The man I saw on tape was the same man I saw in testimony here and he was without question understanding of what was going on and in a state of mind evidencing knowingness and voluntariness.

Because in comparing his testimony at the beginning of the statement to the end of the statement and his testimony here in court, I found then to be virtually the same and consistent with, as he said, a man who is pretty shook up, perhaps nervous because he is in a police station for the first time, but not in any way evidencing a man who does not have will, intelligence, coherence, understanding, or is in any way being overborn or manipulated.

The court thus found that the State had satisfied its burden of showing, beyond a reasonable doubt, that defendant made a voluntary, knowing, and intelligent decision to waive his rights under Miranda after being informed of those by the interrogating officer. State v. Yohnnson, 204 N.J. 43, 59 (2010).

Defendant now appeals, raising the following argument:


THE STATE FAILED TO PROVE THE DEFENDANT MADE A KNOWING VOLUNTARY WAIVER OF HIS MIRANDA RIGHTS In reviewing the findings made by a trial court in deciding a motion to suppress, we are bound to uphold those findings that are supported by sufficient credible evidence in the record. State v. Mann, 203 N.J. 328, 336-37 (2010). Here, the record supports the court's findings based on the motion judge's credibility assessment of the three witnesses who testified at the suppression hearing.

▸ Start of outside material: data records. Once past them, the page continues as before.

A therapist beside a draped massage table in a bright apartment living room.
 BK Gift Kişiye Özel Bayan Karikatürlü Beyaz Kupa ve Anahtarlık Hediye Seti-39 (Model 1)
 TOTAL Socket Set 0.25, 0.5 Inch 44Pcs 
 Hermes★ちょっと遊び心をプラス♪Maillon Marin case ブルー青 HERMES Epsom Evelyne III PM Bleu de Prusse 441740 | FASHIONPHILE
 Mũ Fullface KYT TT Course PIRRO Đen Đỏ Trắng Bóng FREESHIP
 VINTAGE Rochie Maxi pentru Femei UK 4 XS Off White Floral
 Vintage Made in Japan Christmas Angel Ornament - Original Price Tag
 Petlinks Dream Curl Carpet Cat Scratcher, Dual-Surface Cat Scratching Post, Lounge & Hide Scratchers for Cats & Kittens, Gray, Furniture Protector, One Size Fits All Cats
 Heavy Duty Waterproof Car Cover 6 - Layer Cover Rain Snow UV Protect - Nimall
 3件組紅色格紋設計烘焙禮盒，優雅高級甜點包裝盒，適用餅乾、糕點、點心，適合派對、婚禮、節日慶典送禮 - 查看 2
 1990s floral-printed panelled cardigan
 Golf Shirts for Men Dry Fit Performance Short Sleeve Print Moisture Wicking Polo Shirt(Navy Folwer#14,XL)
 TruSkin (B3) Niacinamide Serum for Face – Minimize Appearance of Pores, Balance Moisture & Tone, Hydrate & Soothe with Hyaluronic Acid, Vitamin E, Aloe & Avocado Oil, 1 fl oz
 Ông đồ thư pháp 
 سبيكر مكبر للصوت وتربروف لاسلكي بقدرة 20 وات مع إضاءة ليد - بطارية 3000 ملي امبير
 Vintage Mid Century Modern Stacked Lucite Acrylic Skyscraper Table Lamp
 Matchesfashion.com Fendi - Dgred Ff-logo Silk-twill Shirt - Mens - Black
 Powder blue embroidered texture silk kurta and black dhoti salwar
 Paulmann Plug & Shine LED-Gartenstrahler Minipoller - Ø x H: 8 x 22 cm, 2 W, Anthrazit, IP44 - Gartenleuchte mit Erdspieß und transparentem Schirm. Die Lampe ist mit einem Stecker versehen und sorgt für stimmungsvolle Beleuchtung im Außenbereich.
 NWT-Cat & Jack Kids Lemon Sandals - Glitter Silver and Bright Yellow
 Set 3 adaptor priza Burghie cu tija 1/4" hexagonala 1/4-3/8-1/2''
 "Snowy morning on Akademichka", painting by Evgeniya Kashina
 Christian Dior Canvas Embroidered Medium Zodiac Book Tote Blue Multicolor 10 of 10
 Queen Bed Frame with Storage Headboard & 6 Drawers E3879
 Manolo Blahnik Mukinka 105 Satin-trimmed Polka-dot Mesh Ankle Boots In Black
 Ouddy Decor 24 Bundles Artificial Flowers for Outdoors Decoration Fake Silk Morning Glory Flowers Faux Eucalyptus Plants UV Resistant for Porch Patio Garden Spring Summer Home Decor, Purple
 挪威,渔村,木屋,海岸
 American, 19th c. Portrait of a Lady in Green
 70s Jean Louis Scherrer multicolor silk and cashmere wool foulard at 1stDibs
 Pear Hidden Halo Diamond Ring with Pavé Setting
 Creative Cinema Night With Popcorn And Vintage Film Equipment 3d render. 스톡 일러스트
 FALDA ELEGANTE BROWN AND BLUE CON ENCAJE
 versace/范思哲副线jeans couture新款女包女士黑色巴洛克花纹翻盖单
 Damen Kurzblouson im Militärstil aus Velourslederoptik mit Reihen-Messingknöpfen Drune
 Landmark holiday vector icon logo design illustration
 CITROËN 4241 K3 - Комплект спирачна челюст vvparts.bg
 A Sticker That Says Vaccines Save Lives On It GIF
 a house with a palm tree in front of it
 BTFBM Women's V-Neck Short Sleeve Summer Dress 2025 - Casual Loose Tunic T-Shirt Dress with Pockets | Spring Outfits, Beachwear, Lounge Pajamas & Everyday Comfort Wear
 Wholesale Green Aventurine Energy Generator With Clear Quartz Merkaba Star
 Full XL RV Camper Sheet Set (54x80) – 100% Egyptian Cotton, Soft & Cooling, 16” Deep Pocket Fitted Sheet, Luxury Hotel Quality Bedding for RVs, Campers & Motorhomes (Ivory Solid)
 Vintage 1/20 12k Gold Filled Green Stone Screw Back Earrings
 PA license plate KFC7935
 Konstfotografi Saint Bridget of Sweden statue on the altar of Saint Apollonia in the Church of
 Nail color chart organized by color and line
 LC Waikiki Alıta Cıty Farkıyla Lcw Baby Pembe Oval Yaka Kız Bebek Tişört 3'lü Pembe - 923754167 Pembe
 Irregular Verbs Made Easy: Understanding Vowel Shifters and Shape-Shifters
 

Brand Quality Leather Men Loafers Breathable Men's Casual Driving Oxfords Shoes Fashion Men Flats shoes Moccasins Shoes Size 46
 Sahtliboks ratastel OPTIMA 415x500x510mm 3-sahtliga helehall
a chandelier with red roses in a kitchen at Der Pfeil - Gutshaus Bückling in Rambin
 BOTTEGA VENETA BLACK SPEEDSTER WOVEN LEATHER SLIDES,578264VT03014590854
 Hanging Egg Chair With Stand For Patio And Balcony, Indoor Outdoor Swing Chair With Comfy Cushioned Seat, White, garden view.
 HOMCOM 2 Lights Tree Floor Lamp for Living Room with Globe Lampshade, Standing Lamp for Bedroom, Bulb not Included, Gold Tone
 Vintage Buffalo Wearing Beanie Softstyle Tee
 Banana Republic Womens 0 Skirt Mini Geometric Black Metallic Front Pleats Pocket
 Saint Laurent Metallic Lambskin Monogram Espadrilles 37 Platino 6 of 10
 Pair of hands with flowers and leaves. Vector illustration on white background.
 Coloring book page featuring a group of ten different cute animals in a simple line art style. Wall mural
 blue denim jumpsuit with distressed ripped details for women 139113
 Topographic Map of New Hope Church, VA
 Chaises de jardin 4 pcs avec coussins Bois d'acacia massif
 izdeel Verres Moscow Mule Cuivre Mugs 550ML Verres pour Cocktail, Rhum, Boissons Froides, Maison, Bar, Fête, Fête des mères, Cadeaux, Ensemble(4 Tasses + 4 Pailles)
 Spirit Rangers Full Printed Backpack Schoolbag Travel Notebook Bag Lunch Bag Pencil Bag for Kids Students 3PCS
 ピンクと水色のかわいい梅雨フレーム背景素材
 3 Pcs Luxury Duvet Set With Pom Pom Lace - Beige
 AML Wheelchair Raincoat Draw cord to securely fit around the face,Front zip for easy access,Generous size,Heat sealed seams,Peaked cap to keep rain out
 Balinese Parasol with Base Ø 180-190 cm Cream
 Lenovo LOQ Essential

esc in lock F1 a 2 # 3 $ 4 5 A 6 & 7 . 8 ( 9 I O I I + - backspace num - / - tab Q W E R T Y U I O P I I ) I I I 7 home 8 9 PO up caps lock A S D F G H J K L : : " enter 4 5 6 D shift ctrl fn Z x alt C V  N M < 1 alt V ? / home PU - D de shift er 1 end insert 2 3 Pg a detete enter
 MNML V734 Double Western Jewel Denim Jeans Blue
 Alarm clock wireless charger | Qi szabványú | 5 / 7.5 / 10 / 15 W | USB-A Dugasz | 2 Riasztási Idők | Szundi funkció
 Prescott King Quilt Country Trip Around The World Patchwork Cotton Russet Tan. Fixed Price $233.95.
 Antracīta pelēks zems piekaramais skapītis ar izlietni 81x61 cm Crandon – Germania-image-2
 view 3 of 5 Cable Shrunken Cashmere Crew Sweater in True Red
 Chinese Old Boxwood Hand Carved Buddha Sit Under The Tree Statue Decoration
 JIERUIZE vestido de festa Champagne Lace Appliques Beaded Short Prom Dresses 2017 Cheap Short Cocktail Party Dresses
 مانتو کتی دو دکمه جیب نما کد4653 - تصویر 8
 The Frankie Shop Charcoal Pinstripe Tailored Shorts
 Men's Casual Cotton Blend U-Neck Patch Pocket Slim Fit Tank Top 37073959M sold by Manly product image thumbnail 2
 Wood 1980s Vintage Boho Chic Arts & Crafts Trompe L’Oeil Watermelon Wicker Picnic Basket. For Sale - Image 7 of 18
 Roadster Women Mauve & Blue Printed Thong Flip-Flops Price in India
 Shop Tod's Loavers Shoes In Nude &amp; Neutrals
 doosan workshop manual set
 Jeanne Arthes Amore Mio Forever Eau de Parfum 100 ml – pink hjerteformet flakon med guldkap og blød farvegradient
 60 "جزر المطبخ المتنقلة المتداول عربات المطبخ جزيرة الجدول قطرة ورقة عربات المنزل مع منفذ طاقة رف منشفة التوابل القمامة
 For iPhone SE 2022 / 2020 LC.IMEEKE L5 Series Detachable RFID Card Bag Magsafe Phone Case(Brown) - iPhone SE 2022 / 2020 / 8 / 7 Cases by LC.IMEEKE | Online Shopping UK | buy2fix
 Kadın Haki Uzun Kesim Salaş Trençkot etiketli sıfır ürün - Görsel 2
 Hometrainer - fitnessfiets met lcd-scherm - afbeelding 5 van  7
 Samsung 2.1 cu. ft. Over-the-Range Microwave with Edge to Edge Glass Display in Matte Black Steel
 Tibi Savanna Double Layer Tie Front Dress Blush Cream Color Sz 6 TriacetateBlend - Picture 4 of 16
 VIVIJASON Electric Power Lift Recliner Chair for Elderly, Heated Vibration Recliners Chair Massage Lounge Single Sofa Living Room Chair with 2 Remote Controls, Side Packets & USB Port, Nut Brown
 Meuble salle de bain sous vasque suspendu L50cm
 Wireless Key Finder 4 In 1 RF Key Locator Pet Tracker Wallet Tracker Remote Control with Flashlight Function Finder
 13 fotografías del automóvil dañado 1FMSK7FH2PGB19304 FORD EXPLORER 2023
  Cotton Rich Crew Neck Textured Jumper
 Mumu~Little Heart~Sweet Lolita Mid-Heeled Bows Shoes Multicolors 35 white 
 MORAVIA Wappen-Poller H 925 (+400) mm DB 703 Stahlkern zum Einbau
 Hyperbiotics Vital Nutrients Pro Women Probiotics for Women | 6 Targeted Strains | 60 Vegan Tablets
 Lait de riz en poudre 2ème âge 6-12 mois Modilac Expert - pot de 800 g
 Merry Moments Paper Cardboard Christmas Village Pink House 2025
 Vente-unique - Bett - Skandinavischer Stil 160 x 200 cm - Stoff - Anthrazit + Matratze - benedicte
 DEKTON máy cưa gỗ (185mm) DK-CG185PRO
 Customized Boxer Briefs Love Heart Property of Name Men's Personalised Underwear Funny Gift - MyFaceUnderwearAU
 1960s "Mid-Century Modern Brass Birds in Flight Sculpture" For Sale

Clearly, the better practice would have been for the interrogating officers to ask defendant, forthrightly, whether he wants to waive his right to remain silent and answer questions without first consulting with an attorney. That being said, under the totality of the circumstances, the record here supports the court's finding that defendant's decision to answer questions after being apprised of his rights, is indicative of an implied waiver. There is no evidence that the officers who interacted with defendant coerced, intimated, or otherwise used any tactic that undermined defendant's right to make an informed, intelligent, and voluntary decision to waive his rights under Miranda.